In order to increase the heat transfer coefficient on the refrigerant side between the refrigerant and the heat transfer tubes, performance inside the tubes is facilitated by increasing area of the heat transfer tubes and by cutting inner grooves, which allows a stirring effect of the refrigerant to be obtained, in the heat transfer tubes. Furthermore, in order to enhance the air-side heat transfer coefficient between the air and the fins, slit groups, which are formed by performing cutting and raising of the fins, are provided between adjoining heat transfer tubes. These slit groups are provided so that the edges of the slits face the wind direction. By thinning the hydrodynamic boundary layer and the thermal boundary layer of the air flow at these edges, heat transfer is facilitated and heat exchange capacity is increased. Furthermore, the contact heat transfer coefficient between the heat transfer tubes and the fins are influenced by the contact condition between the heat transfer tubes and the fins.

For example, as illustrated in FIG. 8, when a heat transfer tube 10 is expanded and is fixed to fins 1, there occurs, between the outer surface of the heat transfer tube 10 and the fins 1, gaps caused by waviness of the outer surface of the heat transfer tube 10, gaps caused by deformation of the intermediate portion of a fin collar 2, and a gap between a fin 1 and a fin 1. The drop in contact heat transfer coefficient owing to these gaps is considered to be about five percent of the heat exchanger (see Non Patent Literature 1, for example).

Accordingly, in order to reduce these gaps and increase the contact heat transfer coefficient, a technique has been proposed, for example, as illustrated in FIG. 9, in which three or more bends R are provided for the fin collar 2 of the fin 1 along which the heat transfer tube 10 is inserted. In this technique, further, the bends R are smoothly connected to each other, the fin collar 2 is generally shaped to convex to the heat transfer tube 10 side, with no straight portion existing (See Patent Literature 1).

However, the conventional technique described above has the following problem. In the technique described in Patent Literature 1, three or more bends R are provided to each fin collar 2, and, further, the bends R are smoothly connected to each other, the shape of the fin collar 2 is, as a whole, a convex to the heat transfer tube 10 side, and no straight portion exists. Accordingly, due to defective fabrication of the bend R, when the heat transfer tube 10 is disposed into the fin collar 2, increase in insertion force is caused and mass production cost is increased; thus, a problem occurs in that the intended heat transfer performance cannot be obtained.
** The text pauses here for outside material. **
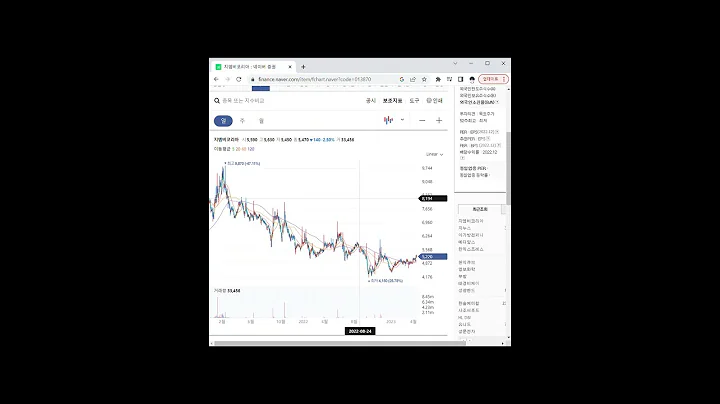 전기차 부품 관련주 지엠비코리아 1분 분석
The present invention is made to overcome the above problem and an object thereof is to provide a heat exchanger that can increase its heat exchange capacity by a reduced thermal contact resistance between the heat transfer tubes and the fin collars of the fins, and, further, to provide a refrigerator and an air-conditioning apparatus provided with this heat exchanger.

The present invention is a fin and tube heat exchanger including a plurality of heat transfer tubes arranged in parallel to each other and a plurality of plate-shaped fins provided orthogonally to the heat transfer tubes. Each of the heat transfer tubes is in contact with fin collars of the plate-shaped fins, and inserted along the fin collars.

Each fin collar is configured such that a bend is provided in each of a re-flared portion and a root portion of the fin collar, a thickness of the re-flared portion is small as compared to a thickness of the root portion, and a radius of the bend of the re-flared portion is large as compared to a radius of the bend of the root portion.

The refrigerator or air-conditioning apparatus according to the invention is provided with the above heat exchanger.

According to the present invention, a heat exchanger can be obtained in which the thermal contact resistance between the heat transfer tubes and the fin collars are reduced and in which the heat exchange capacity can be increased, and, a refrigerator and an air-conditioning apparatus provided with this heat exchanger can be obtained.

FIG. 1 is an enlarged cross-sectional view of a principal portion of a heat exchanger according to a first embodiment of the invention.

FIG. 2 includes explanatory diagrams of a manufacturing method of the heat exchanger according to the first embodiment.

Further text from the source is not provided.